Then he saw Olympe.
She was up near the end of the yard, half-glimpsed through the dancers; up where the Queen danced on top of a cage in whose darkness a snake's coils moved and shifted, up by the King, a squat scarred man wearing only a couple of red kerchiefs knotted around his groin and a belt of blue cord. Like many of the dancers Olympe had stripped, and wore only a thin shift, plastered to her body with sweat; her tignon cast away, her hair a black thick brush exploding around her face; her eyes shut in solitary communion with the music and the dance and the liberty to be utterly herself.
Men danced closer, touched the King's hands or the Queen's. They whirled to fill their mouths with rum and spit it across the blood-spattered signs on the ground, the smell of it a sweet sickish backtaste against smoke and sweat. "Zombi!" cried someone. "Zombi-Damballah!" and touched the serpent's cage. A gold eye like a sequin flashed within. The bodies swayed faster to the rattle of the drums. The music of darkness. Music like that which would pour from an open grave, from the door into the world beyond.
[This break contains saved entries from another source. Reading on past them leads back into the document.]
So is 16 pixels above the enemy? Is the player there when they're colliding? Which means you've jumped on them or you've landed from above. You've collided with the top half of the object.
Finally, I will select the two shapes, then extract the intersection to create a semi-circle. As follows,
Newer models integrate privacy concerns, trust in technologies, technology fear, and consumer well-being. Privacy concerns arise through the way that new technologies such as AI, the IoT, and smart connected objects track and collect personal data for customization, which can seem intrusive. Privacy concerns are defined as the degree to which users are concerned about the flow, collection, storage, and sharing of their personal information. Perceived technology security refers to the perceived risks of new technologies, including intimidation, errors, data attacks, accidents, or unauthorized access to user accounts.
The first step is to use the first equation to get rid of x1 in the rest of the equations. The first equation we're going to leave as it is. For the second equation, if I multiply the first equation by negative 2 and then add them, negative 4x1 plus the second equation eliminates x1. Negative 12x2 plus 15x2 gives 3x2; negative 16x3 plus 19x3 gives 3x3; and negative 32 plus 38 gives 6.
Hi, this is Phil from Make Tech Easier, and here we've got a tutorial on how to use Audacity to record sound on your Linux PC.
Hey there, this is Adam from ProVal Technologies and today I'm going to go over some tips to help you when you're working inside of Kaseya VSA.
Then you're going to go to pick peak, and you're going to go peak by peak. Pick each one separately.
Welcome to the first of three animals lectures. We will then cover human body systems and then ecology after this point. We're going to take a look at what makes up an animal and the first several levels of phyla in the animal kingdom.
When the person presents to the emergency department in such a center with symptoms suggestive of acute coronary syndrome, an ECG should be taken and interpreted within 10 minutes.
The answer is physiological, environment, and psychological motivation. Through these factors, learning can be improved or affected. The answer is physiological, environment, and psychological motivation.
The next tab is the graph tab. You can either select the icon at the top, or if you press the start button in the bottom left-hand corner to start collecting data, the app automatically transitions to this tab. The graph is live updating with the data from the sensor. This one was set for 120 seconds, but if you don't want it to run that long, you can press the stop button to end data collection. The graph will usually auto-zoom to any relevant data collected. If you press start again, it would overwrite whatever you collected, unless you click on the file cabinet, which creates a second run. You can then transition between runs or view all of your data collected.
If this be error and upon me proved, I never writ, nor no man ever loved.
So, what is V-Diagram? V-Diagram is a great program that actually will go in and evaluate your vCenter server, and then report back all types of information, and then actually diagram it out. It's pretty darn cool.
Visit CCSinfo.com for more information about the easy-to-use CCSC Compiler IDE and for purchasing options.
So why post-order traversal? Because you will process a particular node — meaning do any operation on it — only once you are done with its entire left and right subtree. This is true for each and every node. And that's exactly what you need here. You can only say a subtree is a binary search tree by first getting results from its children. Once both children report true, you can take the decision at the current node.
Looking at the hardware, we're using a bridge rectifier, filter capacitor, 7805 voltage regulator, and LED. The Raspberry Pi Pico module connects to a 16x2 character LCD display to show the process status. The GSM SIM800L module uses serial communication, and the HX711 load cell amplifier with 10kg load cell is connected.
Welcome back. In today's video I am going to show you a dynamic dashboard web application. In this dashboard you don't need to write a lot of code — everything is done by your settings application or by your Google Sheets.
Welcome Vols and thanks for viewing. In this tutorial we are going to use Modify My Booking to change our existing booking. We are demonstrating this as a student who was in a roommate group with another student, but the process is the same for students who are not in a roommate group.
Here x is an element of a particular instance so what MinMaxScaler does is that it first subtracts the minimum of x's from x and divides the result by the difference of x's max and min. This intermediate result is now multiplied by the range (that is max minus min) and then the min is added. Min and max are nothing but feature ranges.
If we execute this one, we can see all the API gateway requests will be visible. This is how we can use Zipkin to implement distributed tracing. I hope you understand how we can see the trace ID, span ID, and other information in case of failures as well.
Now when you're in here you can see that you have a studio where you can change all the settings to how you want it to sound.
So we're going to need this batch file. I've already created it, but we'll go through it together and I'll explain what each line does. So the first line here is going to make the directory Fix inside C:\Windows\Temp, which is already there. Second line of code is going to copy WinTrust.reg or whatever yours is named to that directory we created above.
A man cried out and fell shaking to the ground a yard from January's feet. Two women propped him up, and he rolled his head and arched his back, gasped and babbled out words that made no sense. January had seen this before, too; but now it troubled him as it had not before he'd learned the ways of the Christian God. The man's eyes opened and his face changed: aged, shrank, fell in on itself, and when he got to his feet he staggered as if lame. "Legba!" cried someone, "Papa Legba, hi! " The man staggered and limped, reaching out to touch this person or that, crying out in a hoarse croaking voice, his eyes the eyes of something other than human.